To have moved down a “level” to regionalism by way of TPP and TTIP was already a major setback. That we now have an administration that does not even seem to understand regionalism, that thinks that the US has bilateral trade deals with Germany rather than the EU, means we are boldly advancing into the Stone Age.

TPP had particular importance because it was supposed to be the harbinger of a new model “trade treaty”. TTIP was the next phase. That too is now dead. Whatever the power struggles in Washington, no matter how many highly placed Goldman people, with the failure of those two treaties a generation of globalist trade technocrats have suffered a shattering professional defeat. After Doha, TPP and TTIP, the jobs in trade law are in figuring out Brexit. As Schmitter is now arguing neo-functionalism may need a new iteration to account for logics of distingeration.

The failure in Washington has global implications. A lot of key regional players notably the Japanese were slowly won over to TPP. For Japan to have joined in 2013 was of major significance in the region. Tokyo made a significant political investment it has now been left for dead.

Geopolitically, TPP was supposed to be the economic stuffing behind Clinton’s “pivot”. China has already indicated that it will capitalize on America’s withdrawal and regional players have little option now but to look for deals with Beijing.

Everyone agrees that for the biggest and richest countries the costs and benefits of these deals are not huge when viewed in macroeconomic terms. But there is likewise a consensus that they do have a very large impact on key emerging market economies. TPP was expected to have a huge impact on Vietnam. Vietnam is a key piece in the Asian jigsaw puzzle. For a sense of the stakes involved see this remarkable piece http://thediplomat.com/2016/03/why-vietnam-loves-the-trans-pacific-partnership/

The scale of this is only beginning to unfold. We are going day by day. The G20 meeting in Baden-Baden this weekend was a test. The result was pretty astonishing with the US blocking a collective statement endorsing free trade. Here is the Washington Post’s account of what must have been a pretty head-turning experience for all involved. “Treasury Secretary Steven Mnuchin, appearing at a gathering of economic ministers and central bankers from the 20 largest economies, rebuffed multiple entreaties from German officials to include in the meeting’s joint statement language emphasizing the importance of free trade and that it should be conducted in a “rules based” manner, following existing standards and agreements. By rejecting language that would have said the United States is opposed to protectionism, the White House sent a clear signal that it would not accept existing trade norms and could pursue a more antagonistic approach with trading partners around the world. Such language has been considered ordinary and non-controversial in recent meetings of the Group of 20. “I understand what the president’s desire is and his policies and I negotiated them from here, and we couldn’t be happier with the outcome,” Mnuchin said at a news conference Saturday.” No sign here that the most important Goldman guy, Mnuchin, is deviating from the Trump script.

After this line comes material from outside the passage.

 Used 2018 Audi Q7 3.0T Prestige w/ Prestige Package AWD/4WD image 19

To Nikhl’s quetion: Is “rule based free trade” definitional of “neoliberalism”? Well, the Germans have always thought so. But, perhaps not, I’d love to hear more from Nikhl on how to parse this.

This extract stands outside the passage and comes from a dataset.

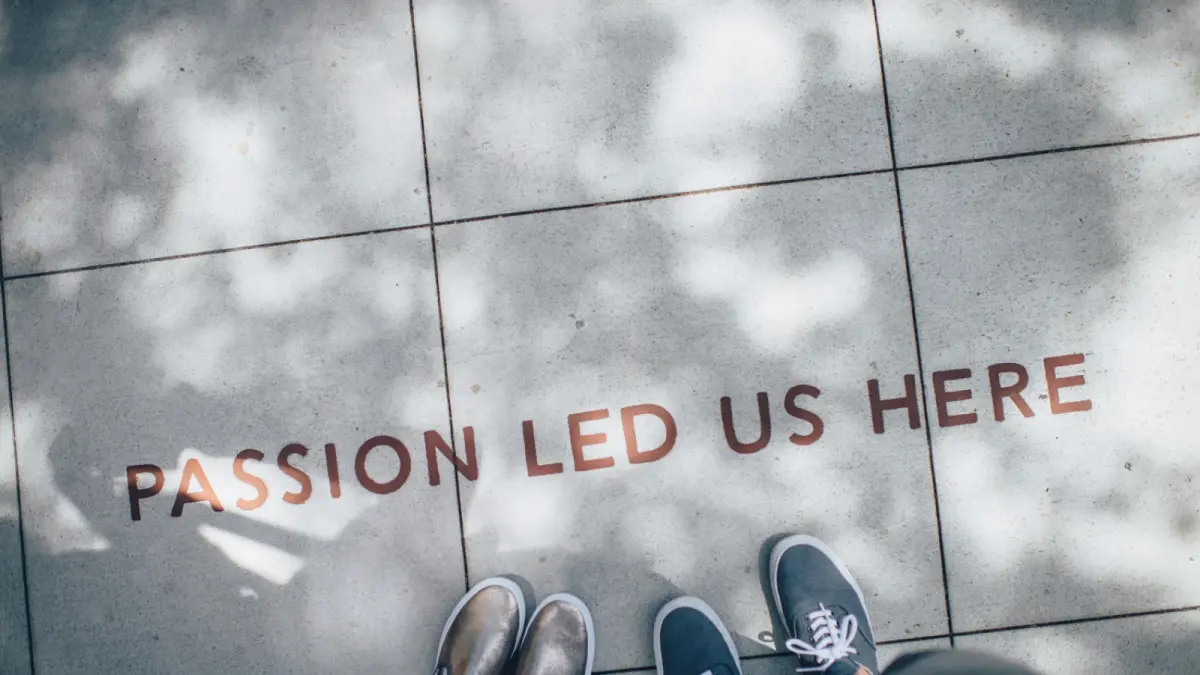 Dilema antara passion dan kebutuhan sering dialami anak muda saat memasuki dunia kerja dan membutuhkan keseimbangan yang tepat (Photo by Ian Schneider on Unsplash)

But one thing is for sure, if the association is not necessary, then we are really entering a new phase. The aura of historical continuity and legitimacy suggested by the terms “neo” and “liberal” undeniably played a role in the emergence of the movement in the 1930s and its second coming in the 1970s. As they did in liberal globalization’s reworking in the 1990s, accompanied by the new and more subtle readings of Adam Smith pioneered by people like Michael Ignatieff already in the 1980s e.g. his volume co-edited with Istvan Hont in 1983 Wealth and Virtue: The Shaping of Political Economy in the Scottish Enlightenment, Cambridge University Press, 1983. If something that can still be conceived as “neoliberalism” has a (degenerate?) fourth iteration in conjunction with brutish neo-mercantilism in the US and Theresa May’s “muscular state” in the UK that would be a rich irony indeed. Will there be ideologists capable of reading even this out of Adam Smith?